The heroine of this review is the GeForce GTX 960 STRIX video card, which we will thoroughly study today!

The full name of the model is STRIX-GTX960-DC2OC-2GD5, which encodes the main information about the video card — it belongs to the STRIX series, is based on the GTX 960 graphics processor, has a DirectCU2 cooling system, has already been overclocked by the manufacturer, and 2 GB of GDDR5 video memory.

On the front side there is an image of an owl-robot, well known to us from previous STRIX video cards. Here, the manufacturer decided to demonstrate the scheme of the cooling system.

On the back of the box, the company introduces us to the principle of operation of the STRIX video card cooling system and explains what 0 dB FAN is. The meaning of the technology is that the fans are completely stopped until the GPU temperature exceeds 65 degrees. A place is also given to a description of a set of high-quality electronic components called Super Alloy Power and proprietary software ASUS GPU Tweak

The delivery set is put away in a small box with the ASUS logo.

Inside are:
— CD with drivers and software;
— user manual;
— branded sticker STRIX;
— DVI -> VGA adapter for connecting a monitor.

When looking at the video card from above, the outlines of the owl are immediately visible (it is in her honor that the product line is called — STRIX).

Even taking into account the middle class of the graphics processor, the video card from ASUS received a metal backplate covering almost the entire printed circuit board.

ASUS and STRIX logos flaunt on the backplate and on the plastic housing of the cooling system.

The following interfaces for connecting monitors are available to the user:
— one DVI-I;
— one HDMI 2.0;
— three Display Ports.

An SLI configuration can only be assembled from two such video cards — there is only one corresponding connector.
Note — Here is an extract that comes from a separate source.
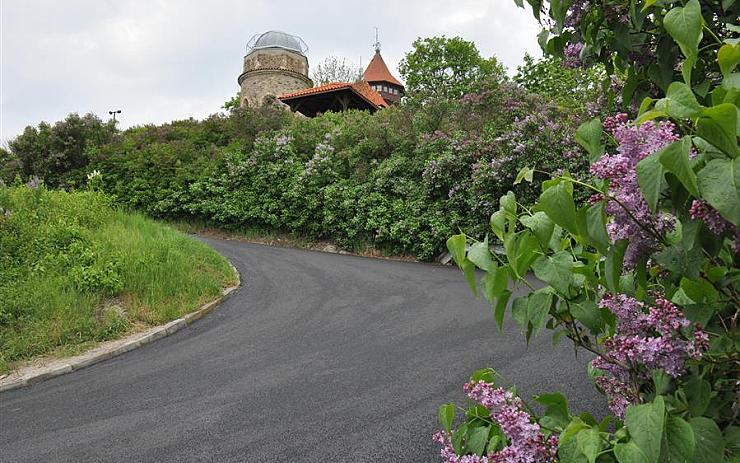 FOTO: K Hněvínu teď dojedete jako po másle. Silnice i parkoviště pod hradem mají nový povrch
As you have already noticed, the dimensions of the video card are slightly increased by the cooling system. The card itself is small, the graphics processor does not consume very much power, so only one 6-pin cable is required to power it.

The cooling system has four copper nickel-plated heat pipes — a pair with a diameter of 8 mm and a pair of 6 mm.

A small part of the heatsink protrudes from the PCB, so some of the warm air will flow into the area of ​​the processor and RAM.

The radiator is blown by a pair of 74 mm fans from FirstDo, model — FD7010h22S.

The GPU is only in contact with two heatpipes, but both are 8mm.

View of the heatsink from above without the plastic housing.

The backplate contacts only one electronic component through a soft thermal pad.

Well, here we come to the board itself.

The power subsystem is cooled by a small black aluminum radiator.

It contacts the mosfets through soft thermal pads.

The GPU power subsystem has four phases, and one more for the memory.

The uP1608TK controller controls the voltage to the GPU.

For similar action for memory — uP1959R.

It is noteworthy that three sites are prepared for video memory, and only two microcircuits are used.

Two more memory chips are located on the opposite side of the PCB.

All chips are labeled Samsung K4G1325FC-HC28.

Test

Test bench:
— Intel Core i7-4770K @ 4.5 GHz
— ASUS Maximus VI Extreme
— Crucial Ballistix Tactical Tracer BLT4G3D1869DT2TXOB (2x 4 GB, 1866 MHz, 9-9-9-27)
— ASUS ROG RAIDR Express SSD 240 GB
— Fractal Design Newton R3 1000W (White, 80+ Platinum)

Information from the GPU-Z utility. Core frequency — 1253 (in Boost — 1317) MHz, memory — 1800 (7200) MHz. In fact, the frequency in Boost can reach 1404 MHz.

It was possible to overclock the video card to 1353 (in Boost — 1417) MHz on the core and up to 1900 (7600) MHz from memory. In test packages and games, the core frequency reached 1504 MHz.